Variant Handles Non-Stationarity Bidirectional Best For
SPOT No No Stationary, one-sided data
biSPOT No Yes Stationary, symmetric data
dSPOT Yes No Non-stationary, one-sided data
bidSPOT Yes Yes Non-stationary, symmetric data (default)

Data Validation

For large datasets, some columns may produce extreme corruptions.
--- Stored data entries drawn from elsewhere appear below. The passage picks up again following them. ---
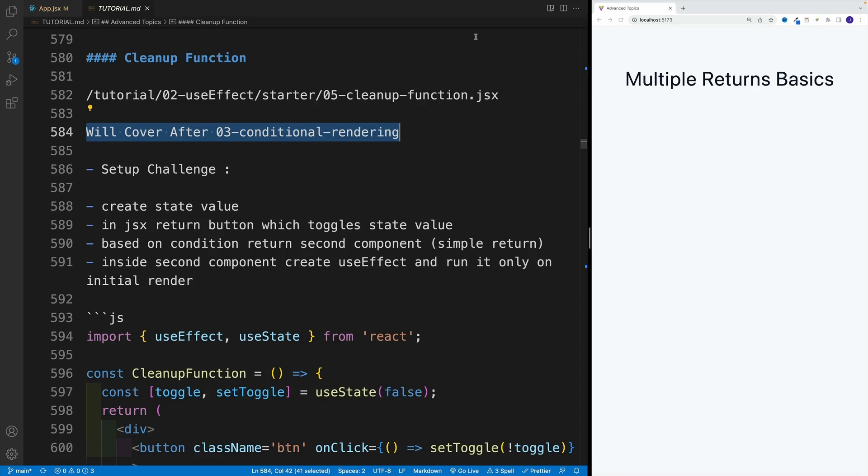Alright, as you can see in the readme, technically our next topic should be useEffect cleanup function. However, we'll actually skip this and the following useEffect topic and come back to them once we're done with conditional rendering.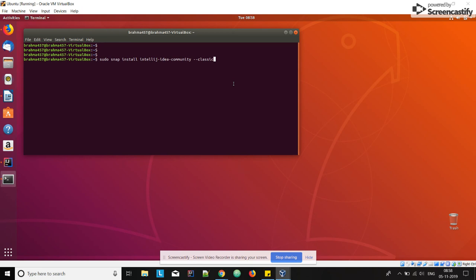This is how we install IntelliJ IDE on our Ubuntu machine. Thank you, thanks for watching.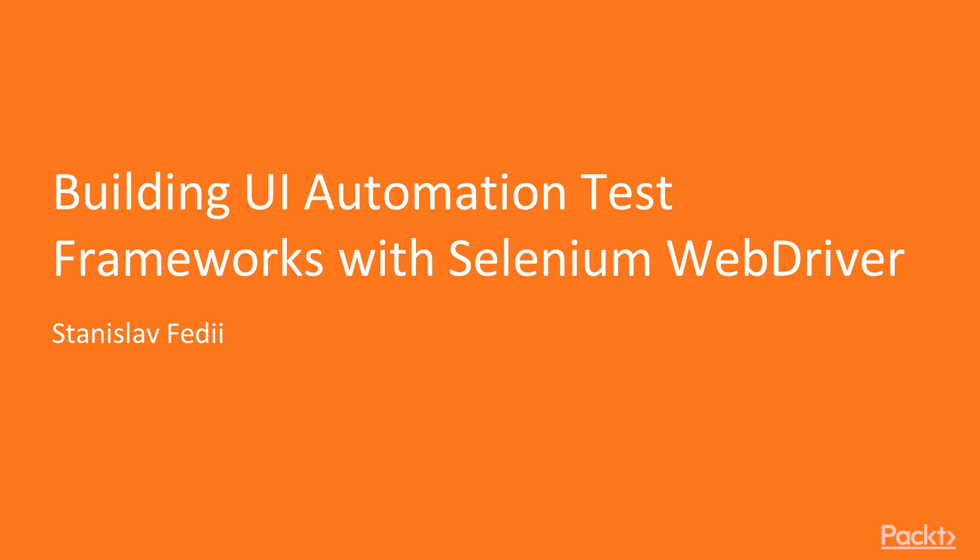If you answered yes to any of these questions, or have purchased this course already, welcome to my course, Building UI Automation Test Frameworks with Selenium WebDriver.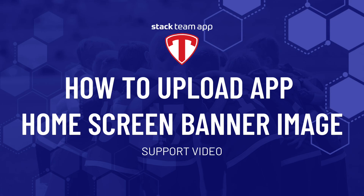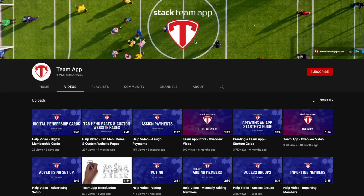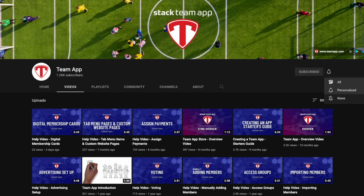Hello and welcome to another Stackteam App Help video. In this video, we'll show how easy it is to upload a banner image for your app home screen. Once you've watched the video, it'd be great if you could give this video a thumbs up, subscribe to our YouTube channel, and also hit the alerts button so you get notified when we upload new videos.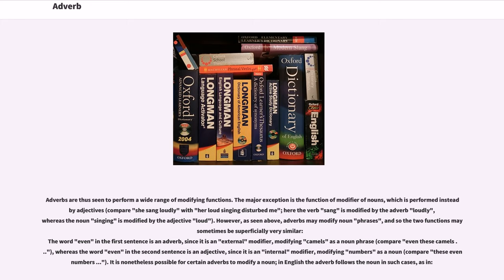However, as seen above, adverbs may modify noun phrases, and so the two functions may sometimes be superficially very similar. The word 'even' in the first sentence is an adverb, since it is an external modifier, modifying 'camels' as a noun phrase (compare 'even these camels').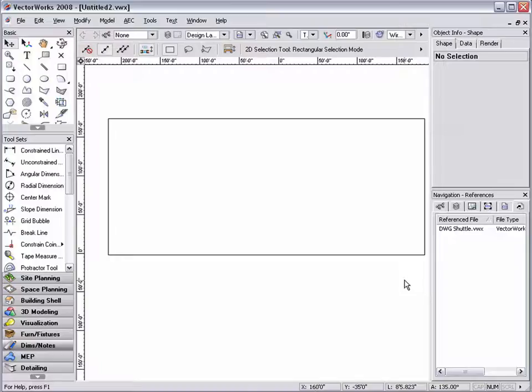For my first example, I'm going to show you how design layer viewports can be used with a large scale project where you would have multiple people working together simultaneously.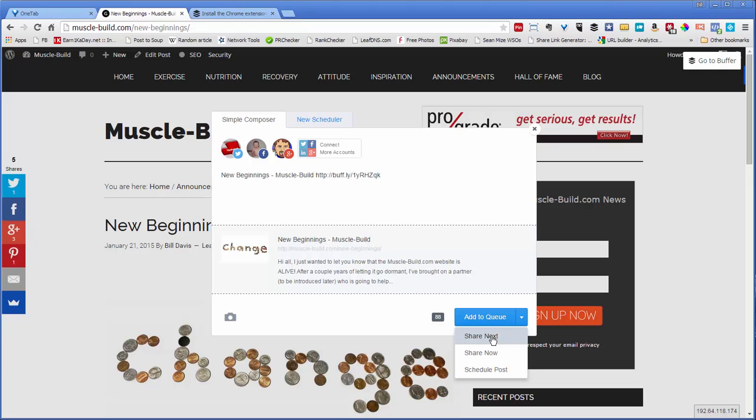If you've got five posts that you've already buffered, by default, if you click Add to Queue, what happens is this post will be sixth in line. But you can choose to say Share Next, which bumps it ahead in line.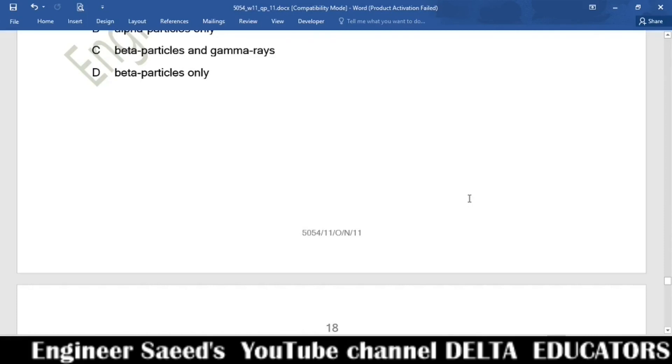We have now completed all questions from Paper 5054, Paper 1 Variant 1, October November 2011. Thank you very much.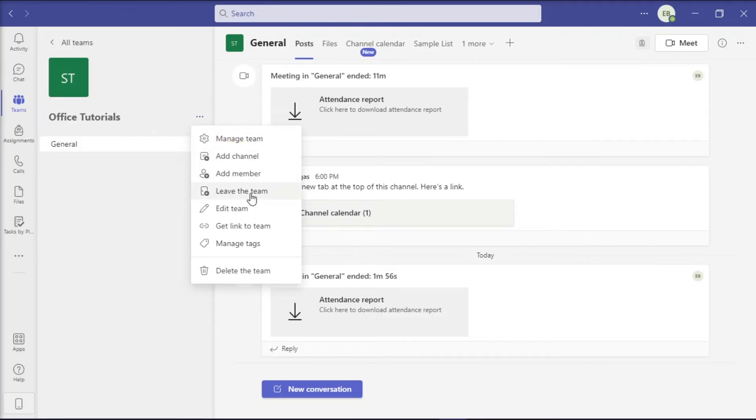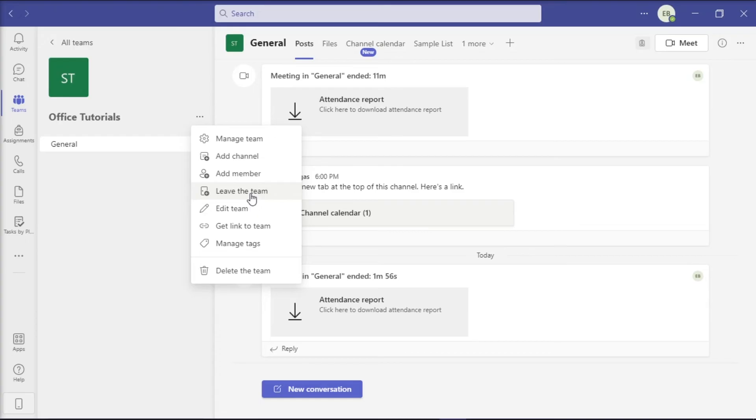Once you have clicked on this, you will receive a confirmation message to make sure that you want to leave the team. Just take note that you can leave a team on your own, but only an admin can remove you from an organization or an org-wide team.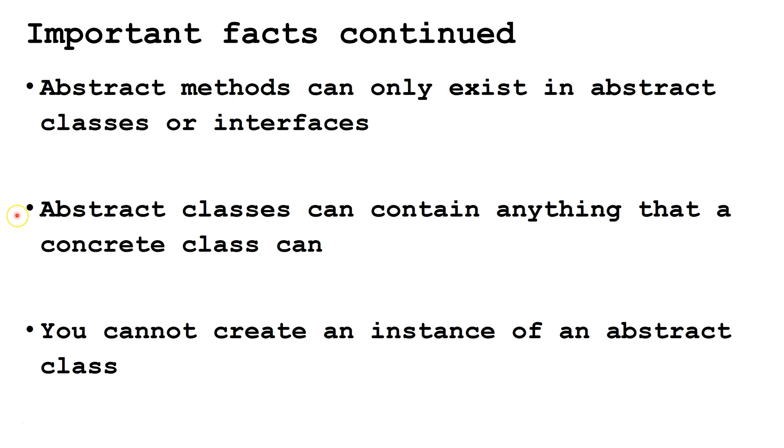Abstract classes can contain anything that a concrete class can have, including concrete methods, constructors, class variables, and instance variables. You cannot create an instance of an abstract class, though you can declare a variable of the type of an abstract class.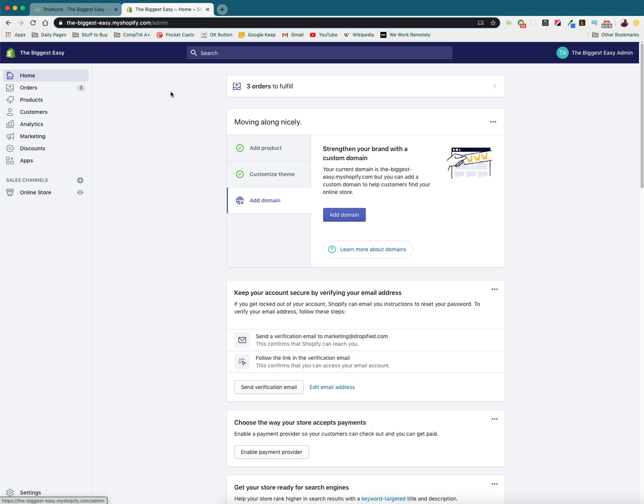Hey everyone and welcome back to another Dropified video training tutorial. In this video I'm going to show you how you can go into Shopify and change your store's name and the store's URL and domain name.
TSRBench includes a validation module:

from tsrbench.validate import DataValidationAndRegeneration

validator = DataValidationAndRegeneration(seed=2025)
problems = validator.check_problematic_columns(
    'electricity', './dataset/electricity/', level=3, threshold_multiplier=3
)
if problems:
    validator.extract_problematic_columns('electricity', './dataset/electricity/', problems)
    validator.regenerate_noise_data('electricity2.csv', './dataset/electricity/')

Citation

If you find this repo useful for your research, please cite our paper:

@inproceedings{
kim2026local,
title={Local Geometry Attention for Time Series Forecasting under Realistic Corruptions},
author={Dongbin Kim and Youngjoo Park and Woojin Jeong and Jaewook Lee},
booktitle={The Fourteenth International Conference on Learning Representations},
year={2026},
url={https://openreview.net/forum?id=NCQPCxN7ds}
}

License

MIT License. See LICENSE for details.